Cerro Coso Community College

Paymanian Retires

Paymanian Retires

Cerro Coso holds a special place in its heart for those who not only care for children but play a significant role in helping them to learn, develop, and grow.

Like so many of our college staff and faculty, Parvin Paymanian started at the college in 1996 as a student worker in the Child Development Center. After serving 2 years as a student worker, Parvin’s enthusiasm for children landed her a position as an Associate Teacher and later a promotion to Teacher.

There is a significant difference between a day care provider and a Child Development Teacher. The latter possesses specific education and experience that allows them to better understand what motivates and makes children respond to specific situations. “It’s a science with proven theories and practices which provide the building blocks on which to base lesson plans to help children achieve,” said college president Jill Board. Parvin worked hard to motivate the young people in her care, while helping them to find joy and success in each and every day.

She shared a story of a little boy who would only let her put him down for a nap, “children are very tender,” she said, “one day it was nap time and as I encouraged this little boy to rest he told me he was going to marry me. I said okay but after his nap.” What Parvin later learned was that his mother was getting married that very weekend and what the child was experiencing at home was transferring into his relationships at school.
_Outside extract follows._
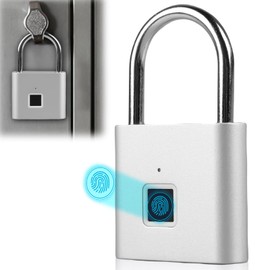Fingerprint Lock USB Charging Padlock Fingerprint Fingerprint Waterproof Padlock with Fingerprint for Gym, Warehouses, Luggage, Locker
Not only did Parvin serve as a guide that leads little people down new paths, she walked alongside her coworkers and student on their journey through the Child Development field. Working and guiding children takes creativity, flexibility, and a great sense of humor. Children need freedom and respect, training to take risks, and opportunities to find their own strength. All of which Parvin has provided with incredible expertise and commitment. Her ability to communicate with the children in ways that are age appropriate, culturally sensitive, inclusive and positive, have helped a large number of children in her care build self-esteem and confidence. Parvin was really comfortable relating to the needs of the children, enjoyed spending time with them, and motivated them to do great things. Children are known for running around with tons of excess energy, and keeping up with them is physically challenging. Something Parvin has masterfully managed for 20 years. With quiet confidence, she has served as a mentor and a role model for so many students, staff, and children.

“We thank you for your dedicated service to the college and to the children, many of which have grown up and returned to take classes form us,” concluded Board.